Whilst any injury can be seen as unacceptable, the cost of administering these types of reports and time spent responding to and liaising with inspectors (mainly Environmental Health Officers) can be significant given the sheer quantity of footfall each day that pass through these types of premise. Visits rarely remain focussed on just the event reported and can be influenced by many other factors. I remember one claims manager at large retailer quoting me “ 1 in 2 customer RIDDORs result in a claim”. How many claims letters arrive asking for sight of the F2508 fuelling the perception that if it was a RIDDOR, then there must be fault and we must settle the claim quickly to contain costs. At a forum of H&S professionals, I recall example after examples of disproportionate intervention by the enforcing authority over minor injuries involving the public following submission of an F2508 where as some more serious employee major injuries had gone un-inspected and not investigated.
This current consultation covers many changes and I support the move to simplify this sometimes complex piece of regulation. However the bit I am really interested in, is this proposal to remove the requirement to report non-fatal accidents to people not at work. This covers for example, member of the public, customers in retail premises, users of leisure facilities, residential and nursing home service users, students and school children and volunteers working for charities.
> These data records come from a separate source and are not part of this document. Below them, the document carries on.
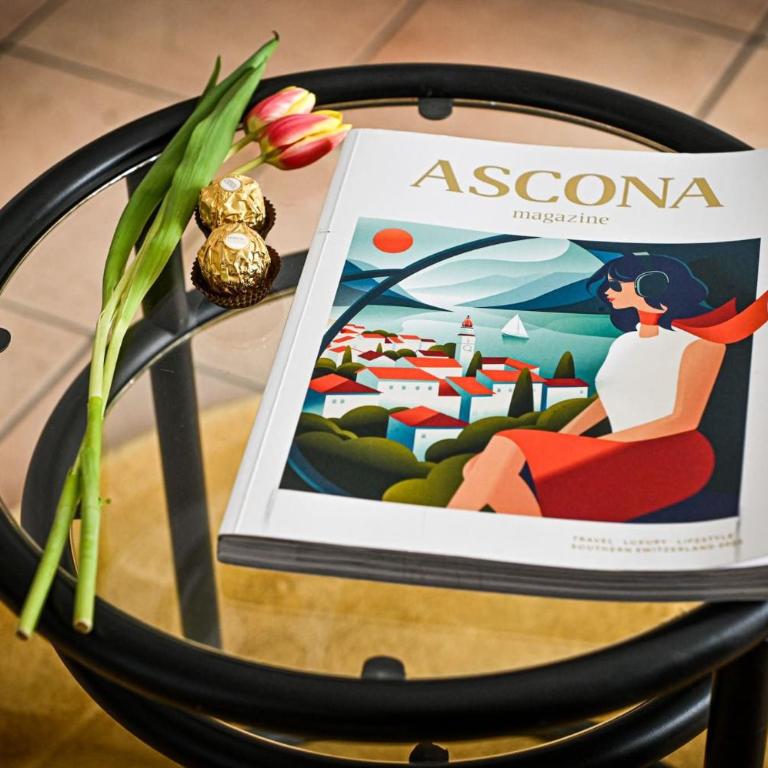Ruga Vacation Rental 7 in Ascona - Appartamento - 23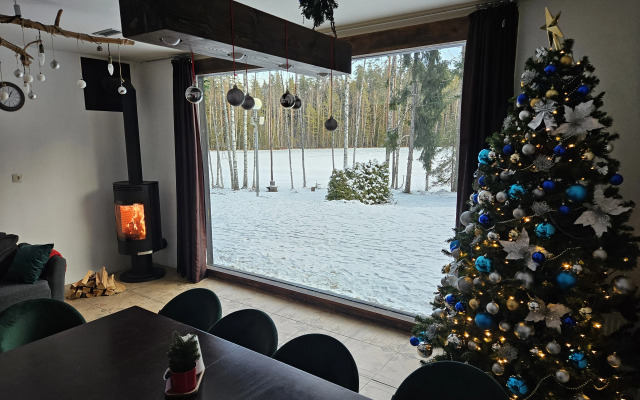 Коттедж Brusnika Village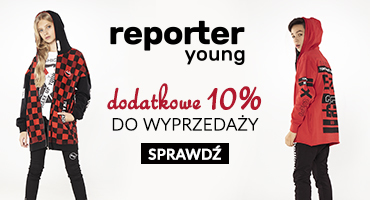 Nowa promocja Reporter Young
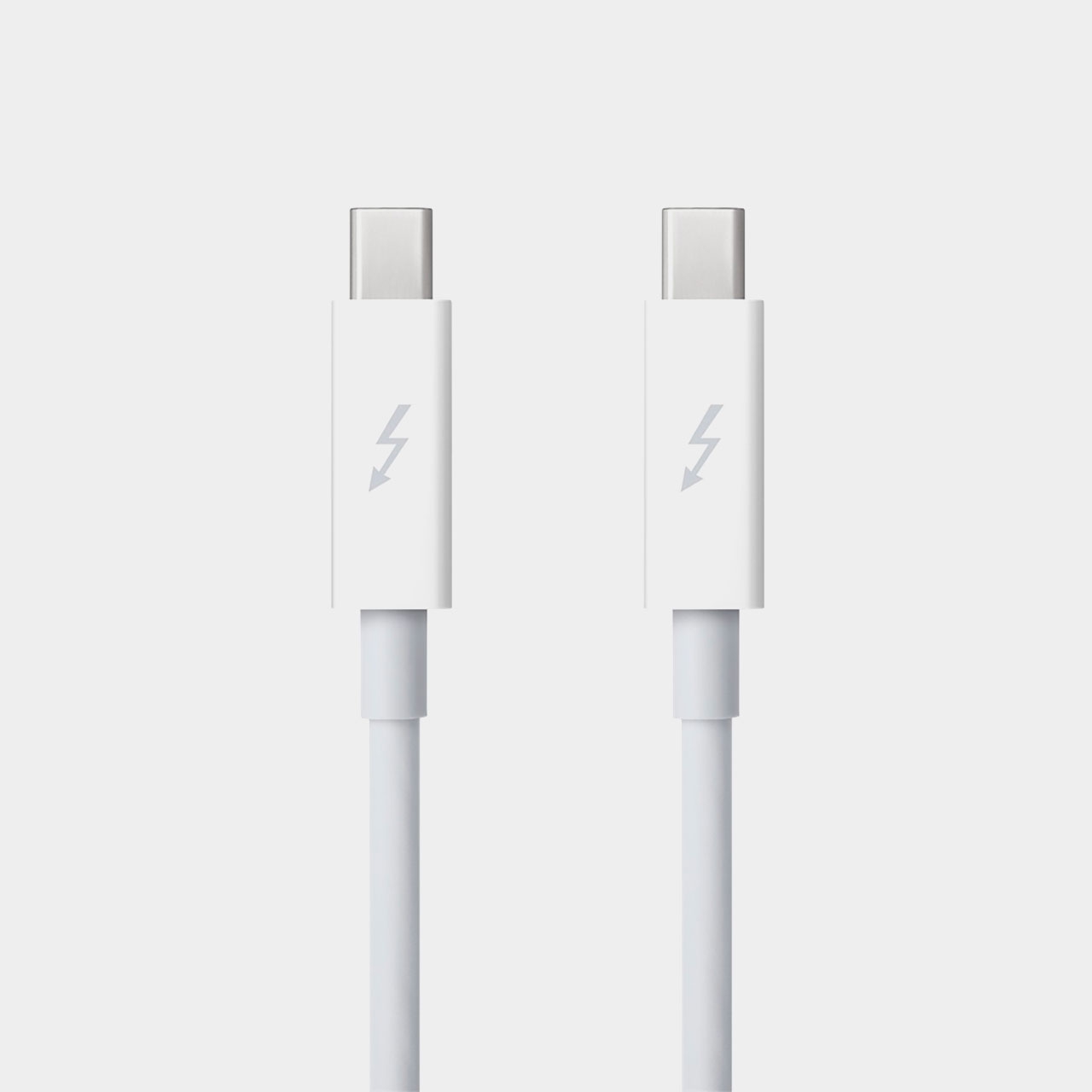 Apple Thunderbolt Cable White (0.5m)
Nearly all of these are covered by Local Authority rather than the HSE and how will they gather their intelligence if not by the F2508? For some sectors like residential and nursing care homes, this will be picked up by other agencies such as the CQC and Safe Guarding teams, recent memoranda of understanding have been established to ensure this happens, but what about the rest? The consultation states figures from the Local Authorities are not available.
I’m sure many H&S Practitioners and employers up and down the country will welcome this proposal and see the benefits of removing such a reporting burden, and hopefully address the issue of disproportionate enforcement and intervention following a report. For organisations with established and dedicated safety resources, I’m less concerned – however for those without access to, or choose not to play by the rules and appoint competent safety advice, are we talking about self regulation here? How will this type of organisation e.g. a smaller retailer respond to customer injuries that aren’t fatal given the reduction in planned inspections of low risk premises? Even a minor injury might be masking serious H&S failures and non-compliances which could of been picked up via an inspection – if the F2508 invite never gets sent, will they investigate? how will the inspector find out about those accidents that aren’t serious enough to be reported by the emergency services? and could a minor non-compliance be masking or lead to bigger things? Could it be that whilst the desire is to tighten up the procedures for making personal injury claims, claimant’s solicitors will fill the gap of gathering that evidence instead, and informing the HSE and local authority of their concerns?
The full consultation can be accessed on the HSE website here and you have until 28th October to respond.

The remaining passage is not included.